Now, Hood has promised to fight the ruling, urging the Supreme Court to rule against CAFA’s use – and almost every other state in the union has joined him.
Almost every other state in the union has joined the lawsuit.
Only Georgia, New Jersey, and Alabama are left out of an amicus brief filed jointly by 46 state attorneys general on Wednesday that called the Fifth Circuit’s decision an “affront” to state sovereignty that undermined the nature of U.S. federalism.
The LCD price fixing case dates back to 2006 when the U.S. Department of Justice revealed that LCD manufacturers were operating an illegal price-fixing scheme on the display panels. Hood, along with other attorneys general, sued on behalf of the residents of his state. However, while several states signed a $539 million settlement, five states – California, Illinois, Washington, South Carolina, and Mississippi – chose to take the matter to state courts. The defendants attempted to remove these cases to federal courts, but was unsuccessful in each case. In Mississippi, the court found that Hood’s suit was a mass action, but that it could be exempted from CAFA because the law allowed suits brought on behalf of the general public to remain in-state.
If things had settled there, the story would be different. The Fifth Circuit, however, ruled in November 2012 that individual consumers, as well as the state, were the ‘parties of interest,’ rather than the public at large. Under this understanding of the class membership, Hood, as attorney general, was essentially the class representative, the court ruled – and the case fell under federal jurisdiction.
Hood’s appeal to the Supreme Court has received the backing of 46 states as well as AARP, consumer rights group Public Citizen, and The Center for State Enforcement of Antitrust and Consumer Protection Laws Inc. He asked for the court’s review in February, and the justices agreed in May.
“The removal to federal court of a state parens patriae action brought under state law in a state court based on in-state conduct is an affront to established principles of federal-state comity,” the states’ complaint said on Wednesday. For Hood, the importance of states’ sovereignty, and their ability to act for their own residents’ behalf, seems to be at the heart of the battle.

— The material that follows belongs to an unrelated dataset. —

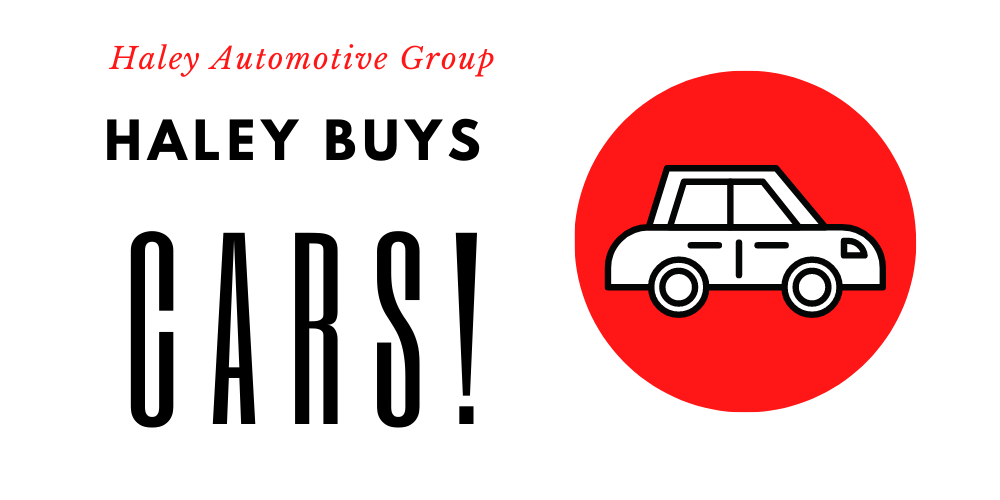 We Buy Cars Haley of Farmville Inc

He has also argued that the decision contradicts every other federal appeal court ruling on CAFA removal, and was never intended by Congress.

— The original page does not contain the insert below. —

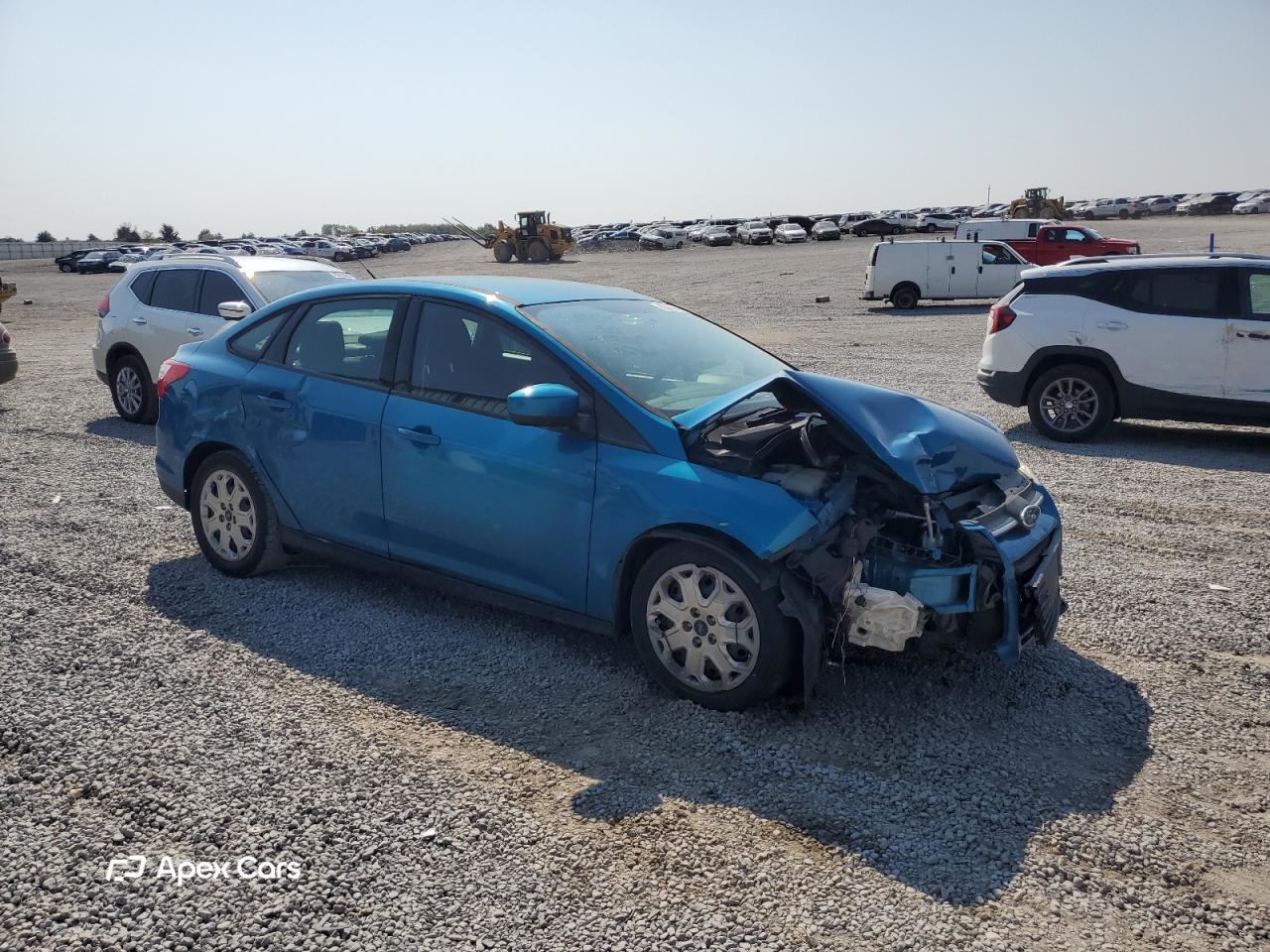 Ford Focus 2012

For the Supreme Court, there’s a fine line to tread. State courts are known to be more consumer-friendly than their federal counterparts, and it’s no surprise that big business plaintiffs are keen to see cases taken out of individual state’s court systems. The nature of federalism in the U.S., however, grants liberties and jurisdiction to states that they are unlikely to part with willingly. While the entire matter may swing on what amounts to somewhat of a technicality – whether the LCD lawsuit was filed on behalf of the public, or consumers – the support of so many other states will be something for the Supreme Court to consider very seriously.